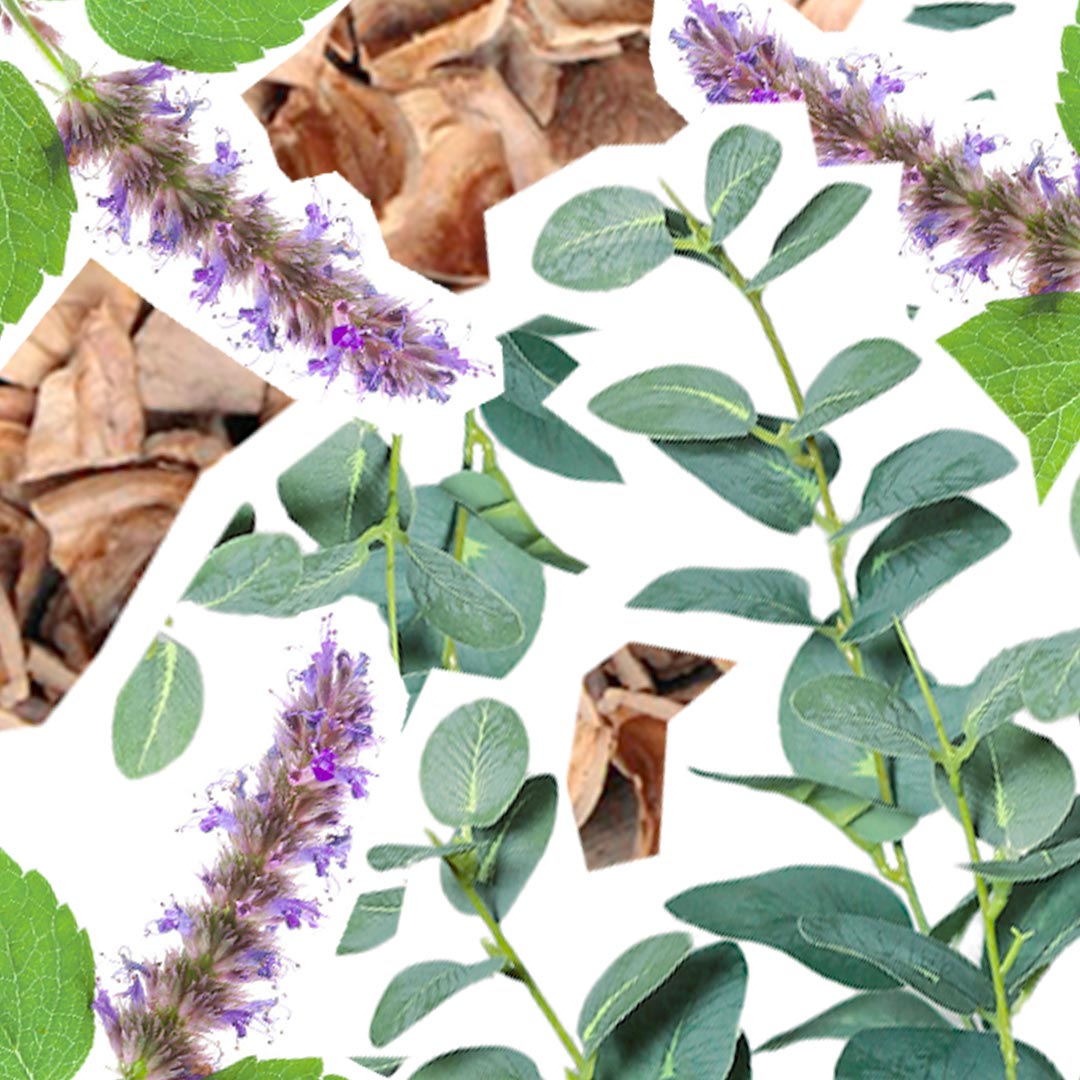 Pain de Savon Exfoliant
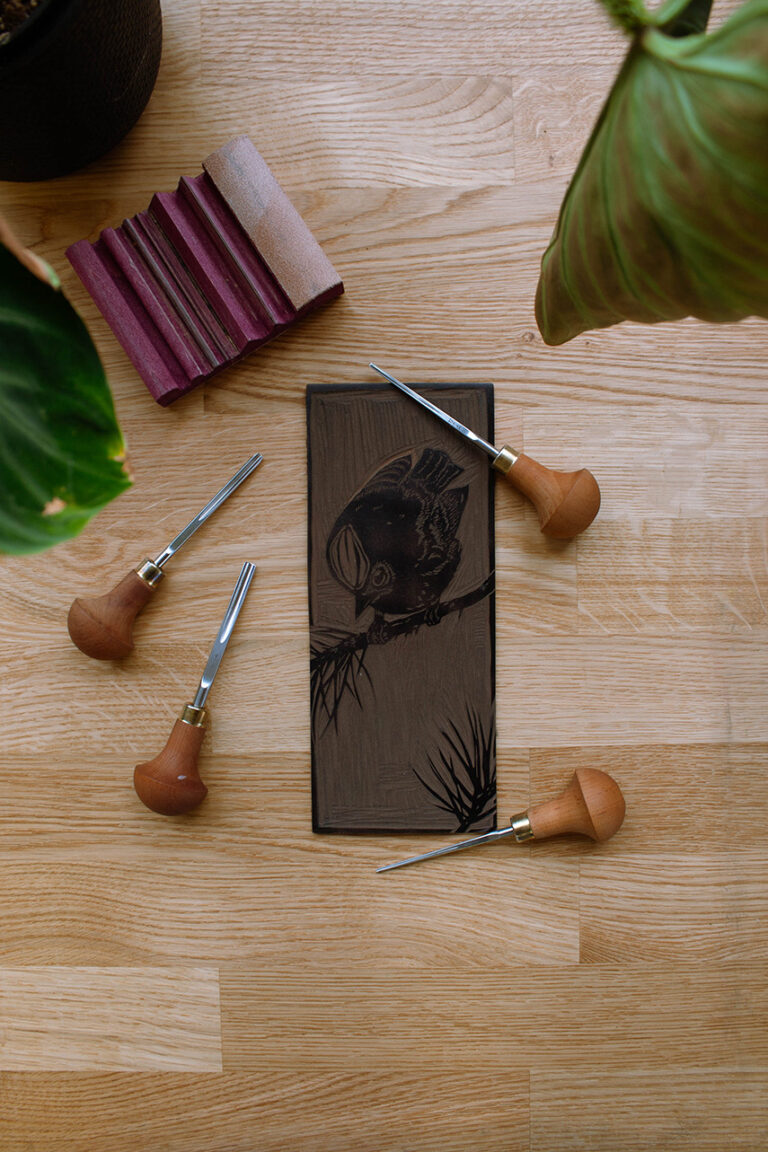 bovenaanzicht linoleum en linogutsen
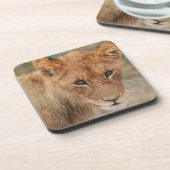 ライオンの子 コースター (左側)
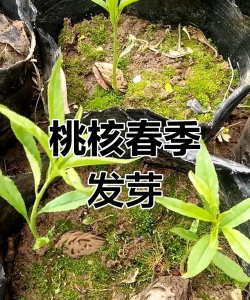 家里阳光不足怎么养花，选对植物种类，掌握养护技巧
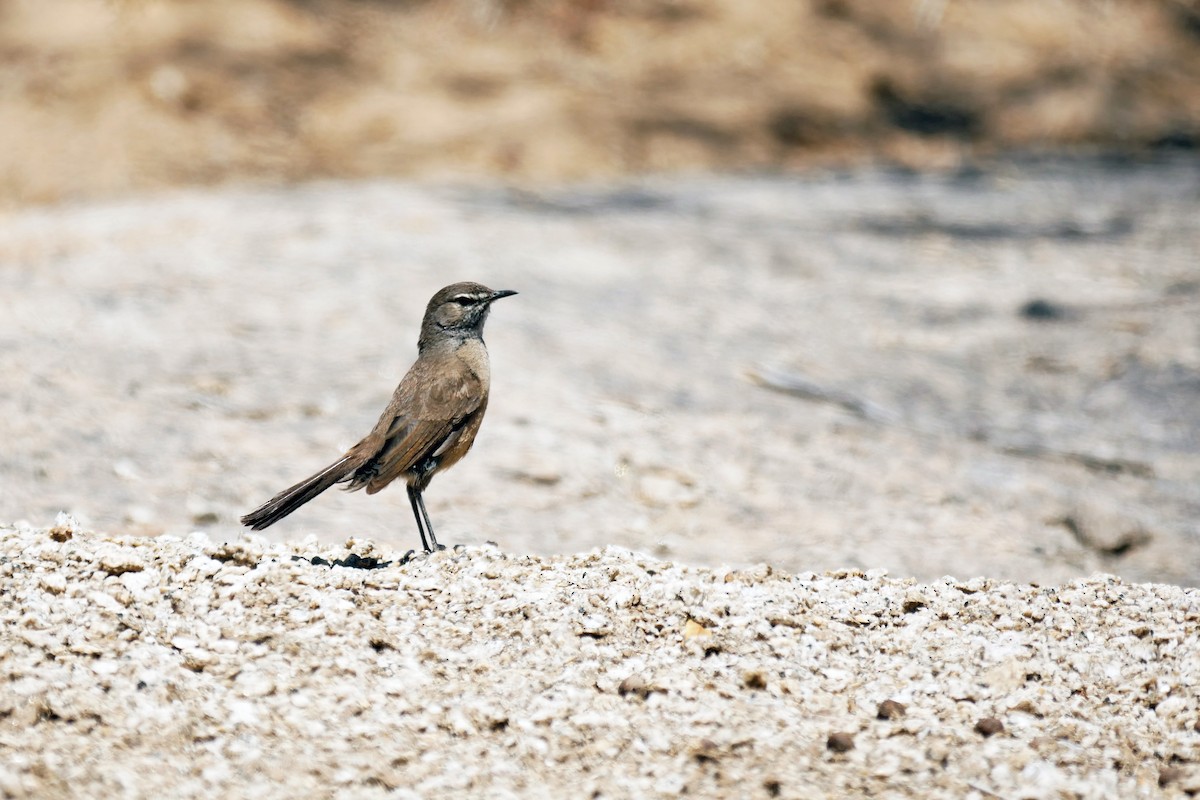 Karoo Scrub-Robin - ML204155231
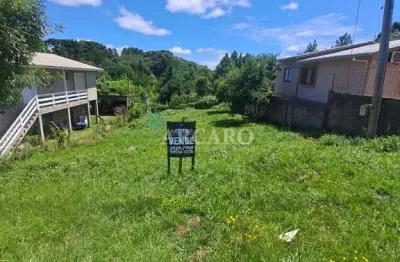 Terreno à venda na rua josé pedro ceconi, 12, saint etienne, caxias do sul, 353 m2 por r$ 280.000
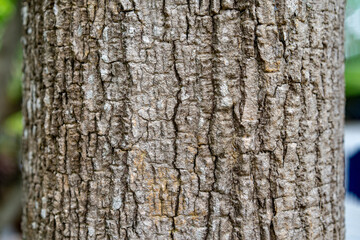 close up to the Bark of the tree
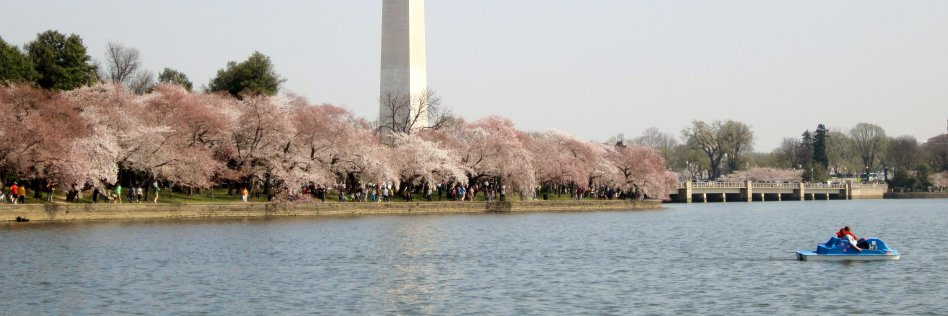 leamarie's profile banner image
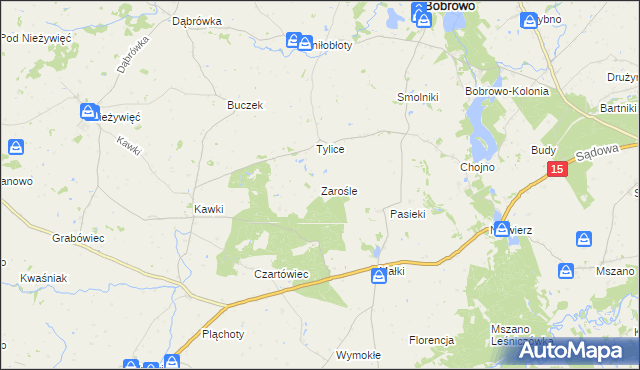 mapa Zarośle gmina Bobrowo, Zarośle gmina Bobrowo na mapie Targeo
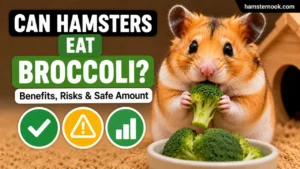 Hamster eating a small piece of fresh broccoli safely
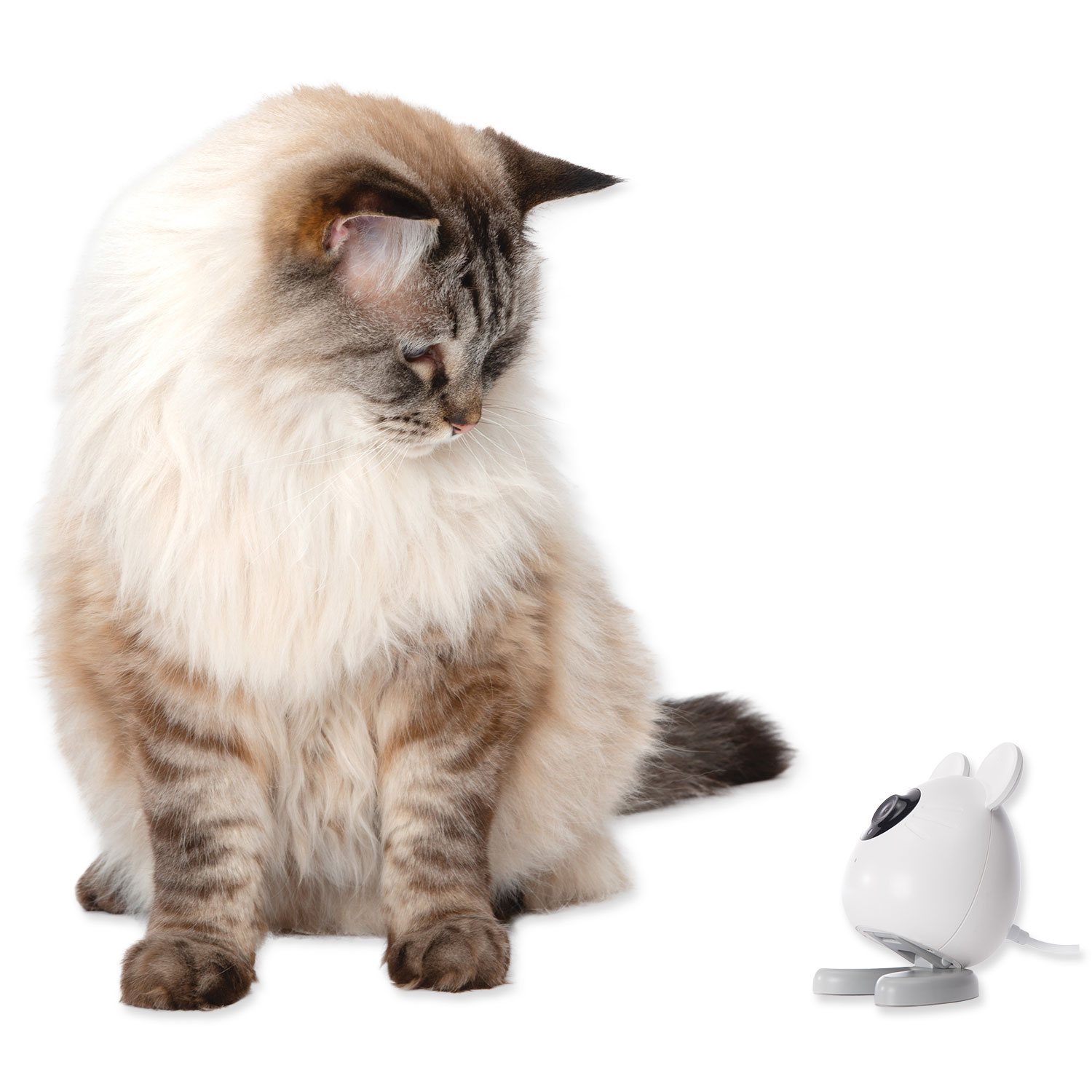 Kamera Catit Pixi Smart myš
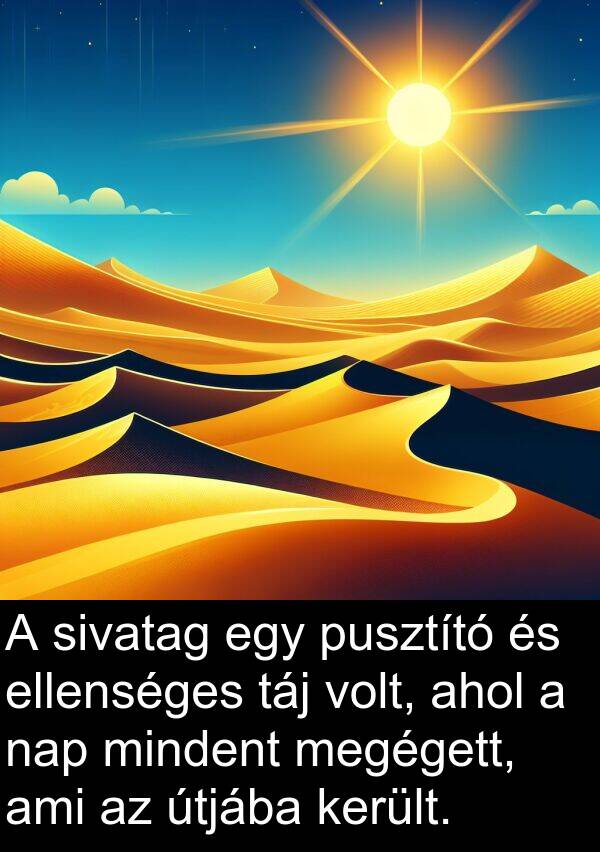 táj: A sivatag egy pusztító és ellenséges táj volt, ahol a nap mindent megégett, ami az útjába került.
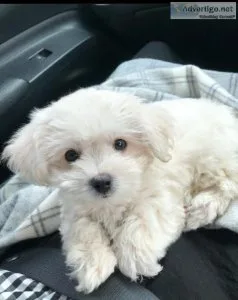 AKC _ Maltese puppies_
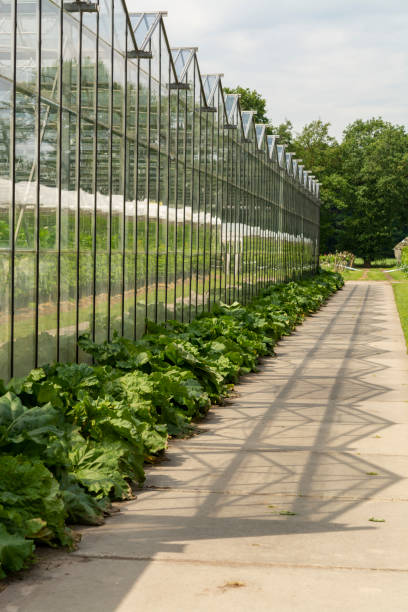 istock Agriculture in Netherlands, greenhouse exterior 1155284191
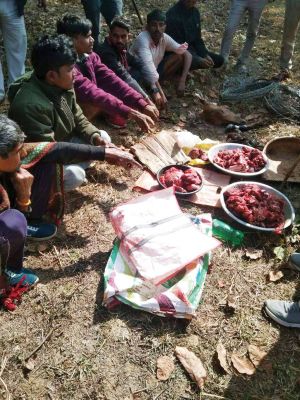 नीलगाय की हत्या, 6 आरोपी गिरफ्तार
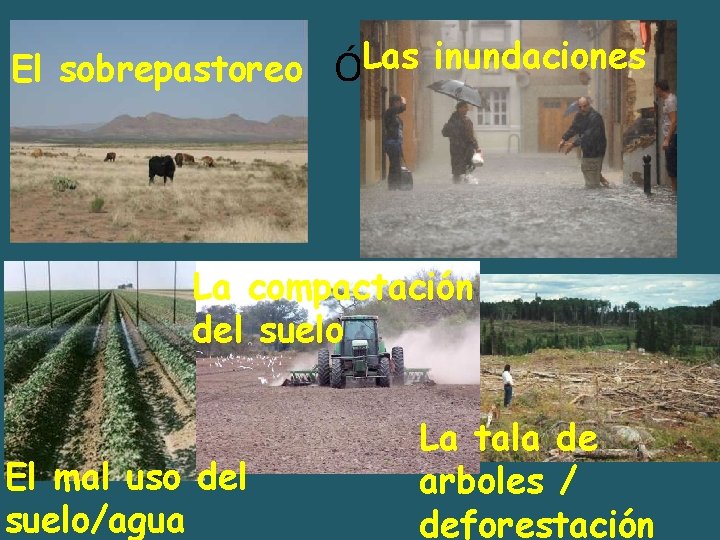 Las inundaciones El sobrepastoreo Ón La compactación del suelo El mal uso del suelo/agua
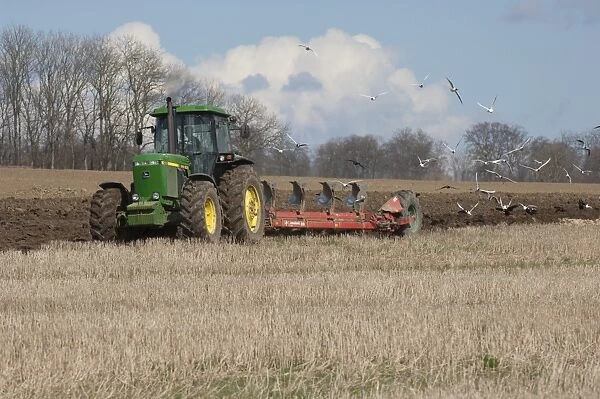 John Deere 4255 tractor pulling Kverneland plough, followed by Black-headed Gull and Rook flock, Skane, Sweden, spring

━━━━━━━━━━━━━━━━━━━━━━━━━━━━━━

Leave the pictures out. Extract exactly the lines running from the one with "táj: A sivatag" through the last entry, both ends included.

 táj: A sivatag egy pusztító és ellenséges táj volt, ahol a nap mindent megégett, ami az útjába került.
 AKC _ Maltese puppies_
 istock Agriculture in Netherlands, greenhouse exterior 1155284191
 नीलगाय की हत्या, 6 आरोपी गिरफ्तार
 Las inundaciones El sobrepastoreo Ón La compactación del suelo El mal uso del suelo/agua
 John Deere 4255 tractor pulling Kverneland plough, followed by Black-headed Gull and Rook flock, Skane, Sweden, spring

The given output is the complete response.